The monolith that had been “broadcast TV” broke wide open, and suddenly there was a din of voices in the ether, all competing for attention.  Where once TV shows needed an audience of 10 million to survive, now pulling in less than a million in the right demographic kept the lights on.  But despite the seeming chaos, there was one force that brought cohesion to the world of televised entertainment; one force that enabled people to have one portal for most (but not all) of their entertainment needs.
I am, of course, referring to Netflix.

Netflix has acted as a cohesive agent, being a portal for almost all movies and a lot of TV shows for the past several years.  If you are a curmudgeon who finds going to a movie theater annoying, just wait and you can either stream or get the DVD in the mail a few weeks after the film closed (and films don’t linger in theaters the way they used to).  TV series from all the networks were available.  In the ocean of visual entertainment, Netflix was your one-stop place to get not quite but almost everything.

But the writing is on the wall, and soon streaming services will resemble the plethora of channels you see listed on your cable directory that you’ve never heard of.  First Hulu, then Amazon Prime, rose as alternatives to Netflix.  Okay, three sources aren’t that bad.  Then Netflix announced that they were aiming at making most of their content “original” content, and in 2018 they spent more on original content than acquired content. To me, this meant that if I wanted access to long gone TV shows, Netflix wasn’t going to try and outbid Hulu for them.  That was the first crack I noticed in the Netflix monolith.

The huge iceberg on the horizon, though, was the threat of a Disney streaming service.  In 2017, Disney announced that when they started their own streaming service,  Netflix could kiss Marvel and Star Wars goodbye.  In 2019, Disney has fulfilled its promise and has announced that the most popular film in history, Avengers Endgame, will not be available on Netflix.  So now there is Netflix, Hulu, Amazon Prime, and Disney+ (please ignore the fact that Disney is also in control of Hulu). 
But there is also the fact that every network has their programs available as on-line content.  And with media corporate mergers, media companies that once had small on-line content now are subsidiaries of conglomerates with lots of on-line content.  Increasingly, everyone will want to control their own on-line footprint instead of letting Netflix make money off of it.

Netflix used to be the one-stop place to go for streaming services.  But then Hulu arose to mainly carry TV series, but also to develop shows like The Handmaid’s Tale.  Then came Amazon Prime, and then CBS All-Access, and now Disney+.  Now that Netflix is no longer a monolith, will networks still be willing to sell the rights to their shows to them, or will they keep them on their own streaming platform, or on Hulu? 

One survey found that nearly half of subscribers between 18 and 29 would drop Netflix if it lost The Office and Friends along with the Marvel content (28% said they’d drop it if it lost Marvel, which is about to happen).  The default, as far as subscribing to streaming services, used to be “Netflix and . . . “ but in the new Balkanized universe it might be “Netflix or . . . .”  Before, I might do Netflix and Hulu, or Netflix and Amazon, but with so many options I might do Hulu and Disney+, or Amazon and CBS All Access.  This might be why Netflix chose to focus on original programming; it knew at some point the non-original programming would migrate to other streamers.
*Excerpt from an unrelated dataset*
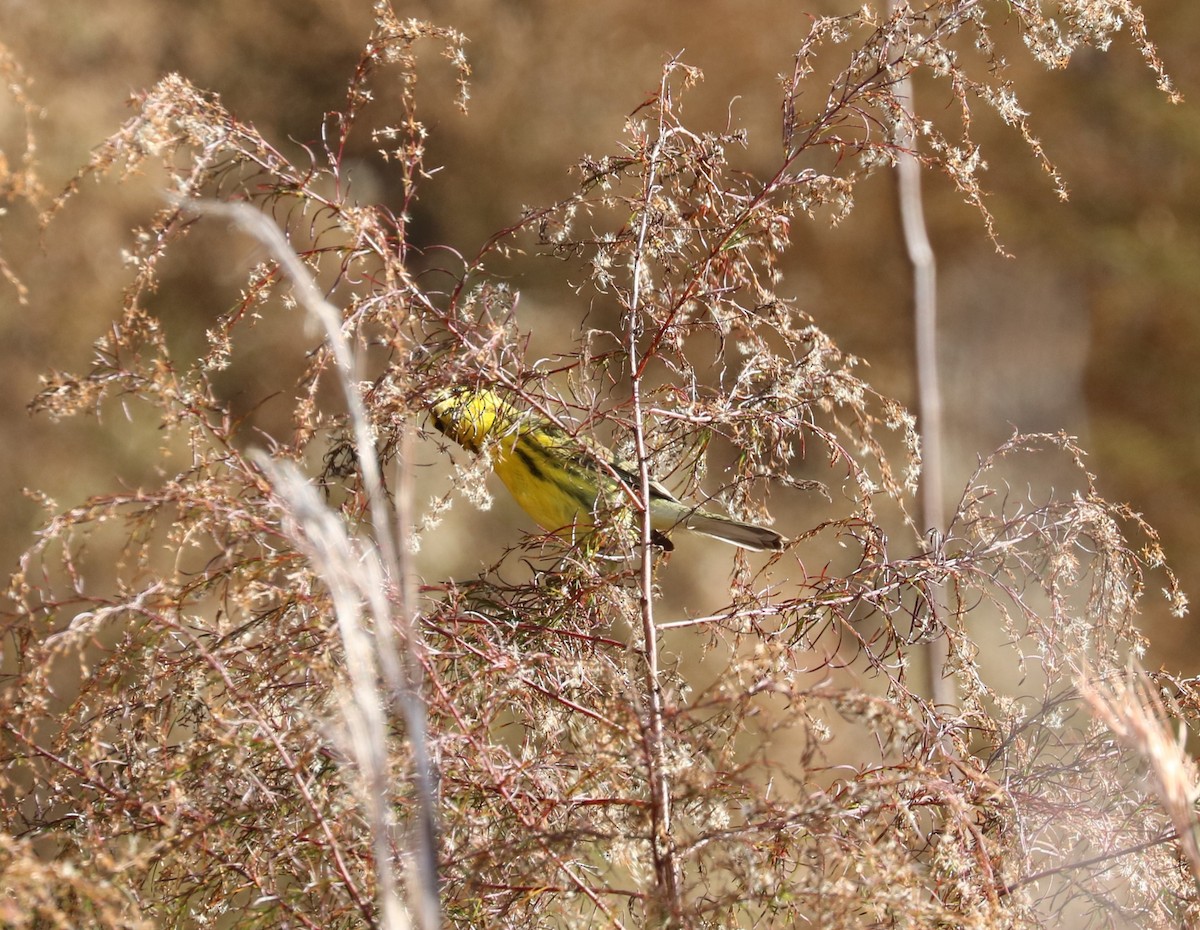 Prairie Warbler - ML647300812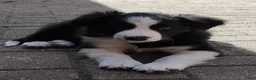 Border Collie honden te koop: border collie reutje - Advertentie 1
Or maybe the universe will re-order itself.  In a marketplace of multiple streaming services, will someone like Roku sell bundles of streamers?  That is, create a marketplace where you can choose from among various streamers and pay one bill instead of subscribing separately.  This is the accordion theory of organization—first options contract and there is only Netflix, then they expand, and multiple streamers enter the market and things become confusing, then in order to avoid competition the streamers start getting bundled together or buy each other up until there are fewer option.  Wash, rinse, repeat.

This sort of reminds me the shift that took place in the economics of TV networks.  For years, local affiliates paid the networks in order to gain access to their content; then at some point networks had to start paying affiliates in order to gain access to their audiences.  At first creators of content were eager to sell their wares to Netflix for access to Netflix’s vast subscriber base, but now everyone wants to have their own streaming service and Netflix is left to become a content creator to fill the void.

I don’t know how this will ultimately work out.  It was convenient having Netflix being the premier streaming service, just like having three major networks made picking shows to watch simpler.  How people choose to watch content on their TV screens will be resolved through a combination of economics and technology.  Will the technology ever exist where we can choose WHICH of the 500 cable channels we want to buy?  Will it ever be economically feasible for someone to offer an “a la carte” menu for channels instead of forcing customers to buy content they don’t want? 

The trend has always been for increasing amounts of customer control, so maybe buying only cable channels we want to pay for is only a few years away.  Then after we get that, Detroit can start working on those flying cars we’ve been promised for decades.






Wednesday, May 15, 2019

Tanking redux



I’ve written before about the futility of ending tanking through minimizing the chances of winning the draft lottery, but after hearing the talking heads on ESPN declare tanking to be over after 3 of the 4 worst teams in the NBA got bad draft picks thanks to poorly bouncing balls, I guess the subject is worth going back to.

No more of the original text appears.